When you set out on rides like this, you usually have an icon. A hardest point. This was most definitely it and it palpably removes the tension of hard day in the saddle by knowing the worst is over. However, none of us are going to get anywhere if we don’t eat. So, it’s onto a pub stop to refuel with lunch and beverages of choice. The amazing scenery doesn’t let up and I let Rob know as much. Never have I been on a ride that has been so constantly beautiful.
Every little kick up in the road hurts like hell now and my tummy is rumbling for some sustenance. We’re not helped by the fact that none of the pubs we are finding do food. Eventually Brian makes the grand suggestion of a trip to the delightfully monikered ‘Fickle Mermaid’. I order an equally bizarrely named ‘Tiger Tops’ (nice stuff on sweet and regular potatoes), some onion rings and well-earned beer. I can feel the energy coursing back into my weary body.
Suitably rested – well sort of – and fed to the brim, it’s time to set off and the realisation dawns that we’ve still got the best part of 30 miles left to go. I think we briefly try to cajole one another that it’s “all downhill from here” but we all know that isn’t true but that it’s going to be nowhere near what we’ve done thus far.

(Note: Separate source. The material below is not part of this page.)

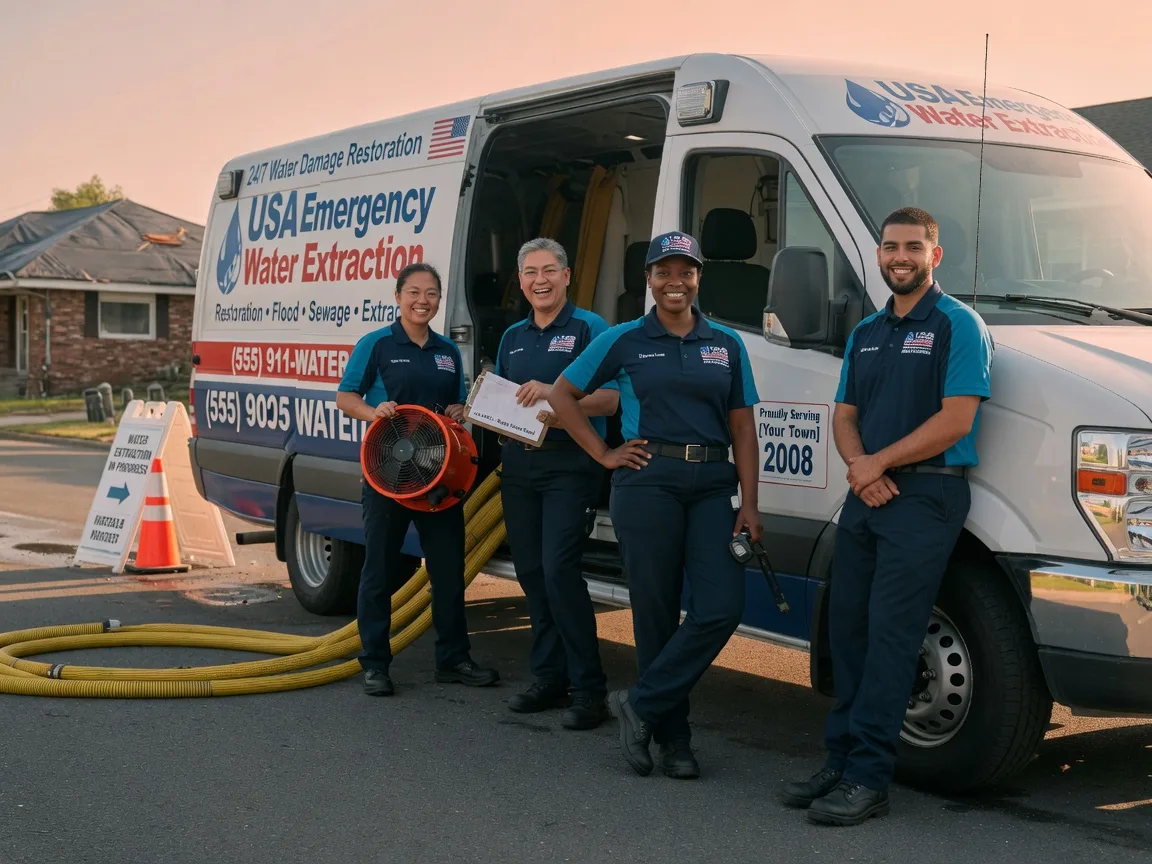 Emergency Water Removal company in Ivanhoe, NC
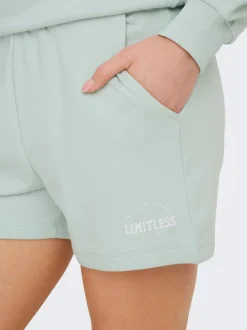 Best ONPCAVA Høj talje Loose fit Sweat shorts Dame Shorts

Once we pick up the route again, we do get a nice rhythm going and we all riding in single file but in a nice, tight group and we are ticking off miles relatively easily. We battle up the odd incline, and crack on when it flattens out and before you know it 30 miles becomes 20, 20 becomes 10 and as we rejoin Ashton Old road – we’d passed here at mile 7 – we’re at mile 66 and we know the we are on the home straight.
We peel off one by one as we get nearer to our home. There’s no post ride drinks today, just all home to bask in the wonderful weariness that comes with a long day in the saddle. I crack open a beer and raise it to my friend Rob for one of the finest days I have had on a bicycle so far. Cheers.